AGAINST THE GRAIN: An Artist’s Survival Guide to Peru – 2008, 65 min
A film by Ann Kaneko
In 1989, Alfredo Márquez uses an image of Mao in an artwork and is sentenced to 20 years in prison. For artists, the need to create and be heard is as basic as food and shelter. But what happens when you live in a country where the state clamps down on free thinkers, forcing artists to censor themselves? This documentary follows four Peruvian visual artists, including Márquez, who defy this tyranny through their work and ignite change, challenging ordinary people to speak out. Their struggles and commitments raise a fundamental question: is freedom of expression a right or a privilege?

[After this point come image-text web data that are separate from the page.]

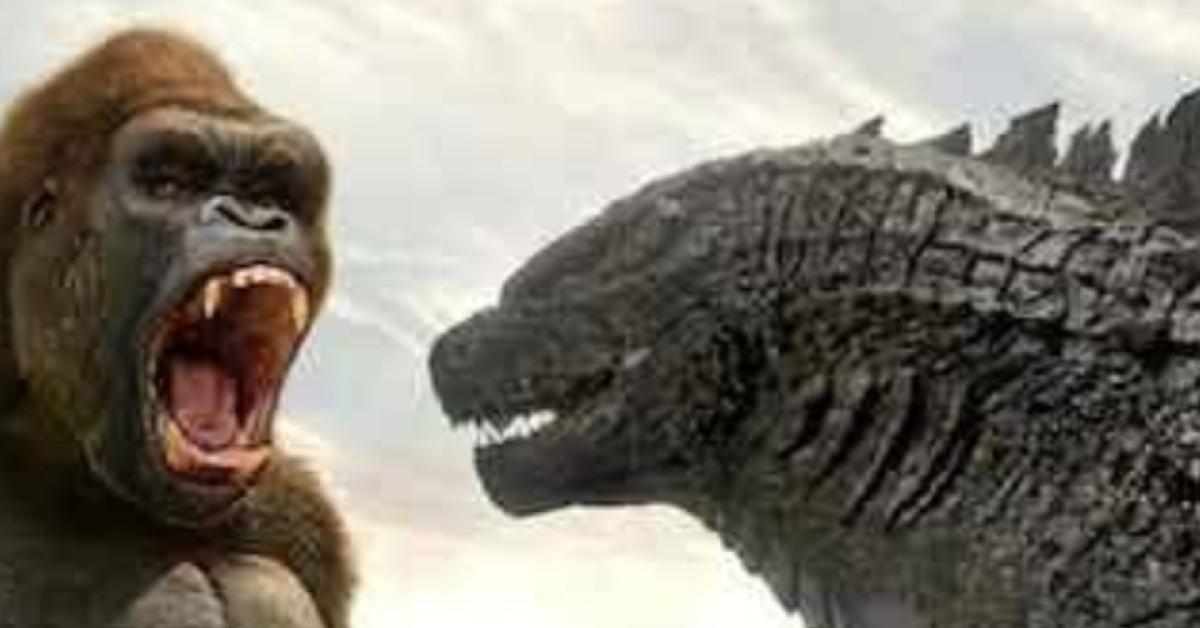 Rekomendasi Film Monster, Godzilla VS Kong, Pertarungan Dua Raja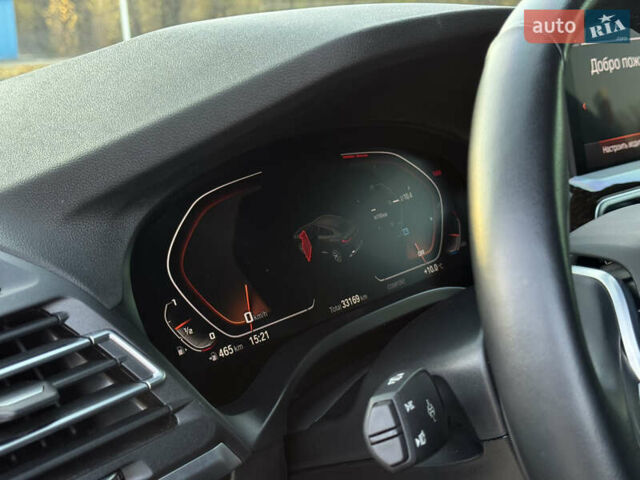 Білий БМВ Х4, об'ємом двигуна 2 л та пробігом 33 тис. км за 43000 $, фото 16 на Automoto.ua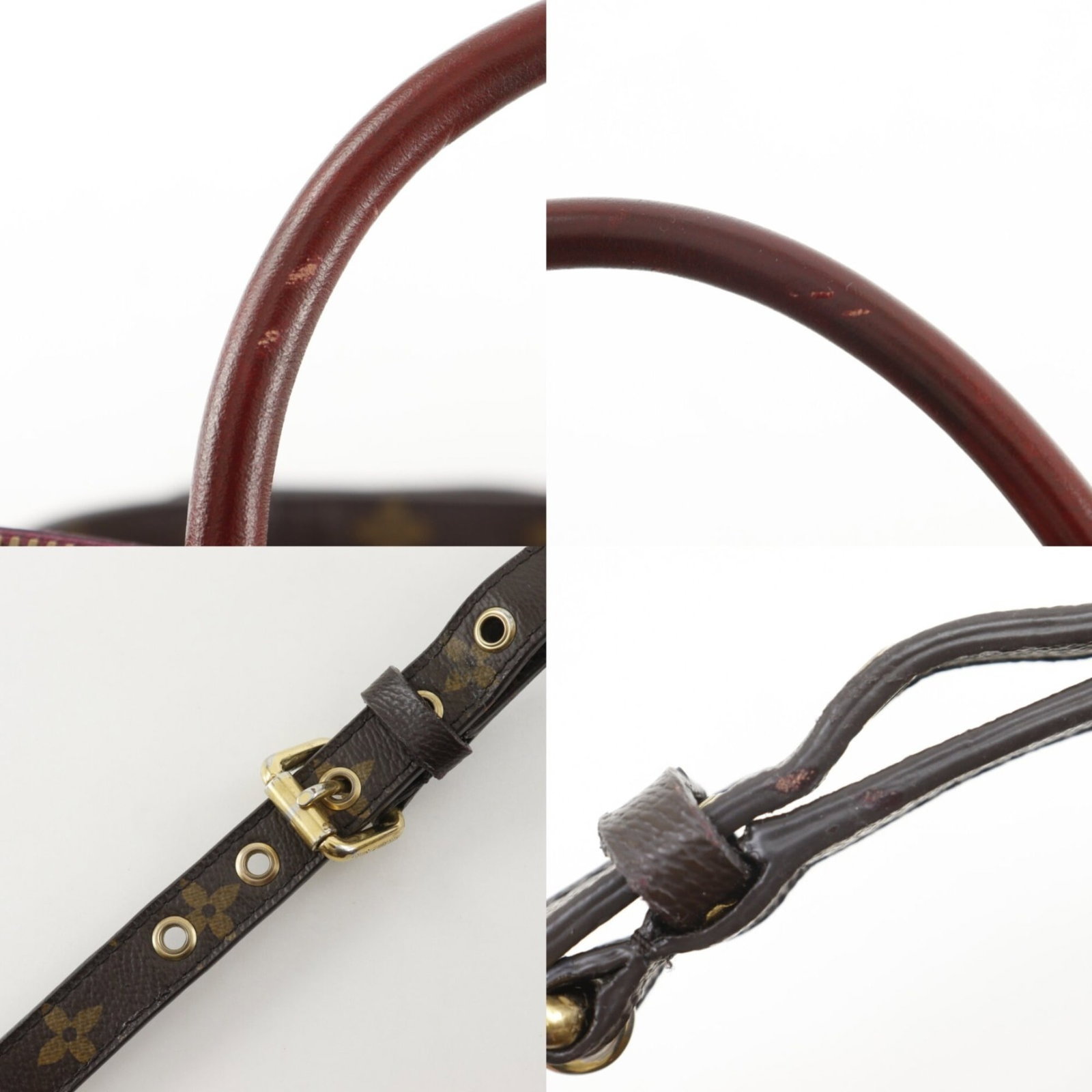 Louis Vuitton Monogram Handbag - 14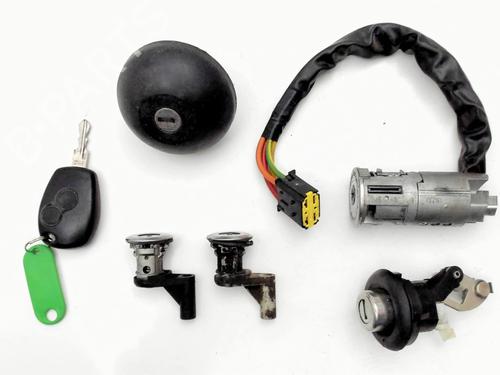 Used Ignition barrel DACIA SANDERO 1.5 dCi (68 hp) 29212842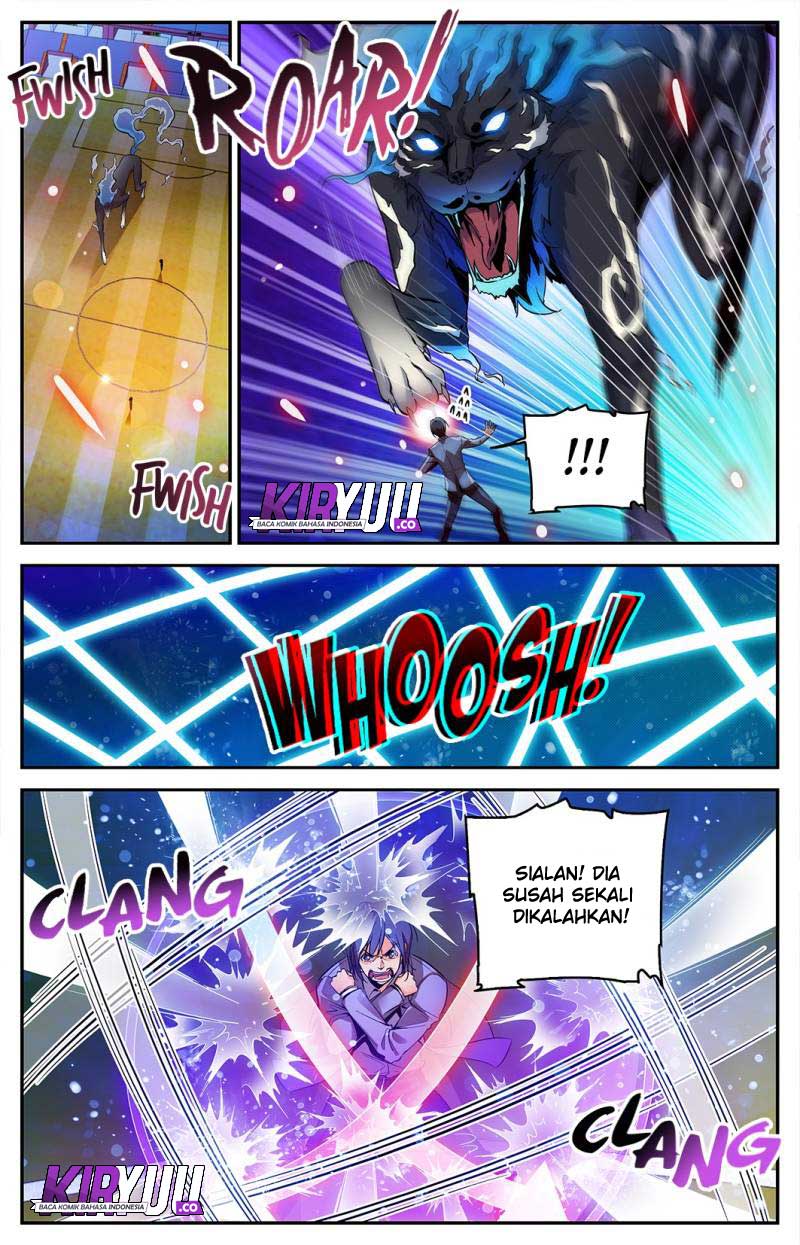 Versatile Mage Chapter 295 Gambar 3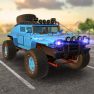 poster of Off Road 4×4 Jeep Simulator game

Spanning two decades marked by corrupt governments and inept leadership, the film traces the lives and practices of four artists working under political pressure. Claudio Jiménez Quispe flees his home in Ayacucho due to insurgency linked to the Maoist Shining Path, later chronicling this violence through traditional retablos. Alfredo Márquez, emerging from the underground punk scene of the 1980s, continues to produce bold political imagery despite years of unjust imprisonment. Following the fall of former president Alberto Fujimori, Eduardo Tokeshi confronts anti–Japanese Peruvian sentiment by reaffirming identity through repeated motifs of the Peruvian flag. Natalia Iguíñiz challenges the Catholic Church and conservative middle-class values through provocative works addressing gender and class. Together, their practices articulate what it means to persist and make art under repression in contemporary Peru.
Highlighting contemporary Peruvian art, the film combines gritty Super 8 footage with raw vérité documentation. It also features music by iconic Peruvian bands Leusemia and Uchpa, alongside Los Angeles–based musicians Pilar Díaz and David Green of Los Abandoned.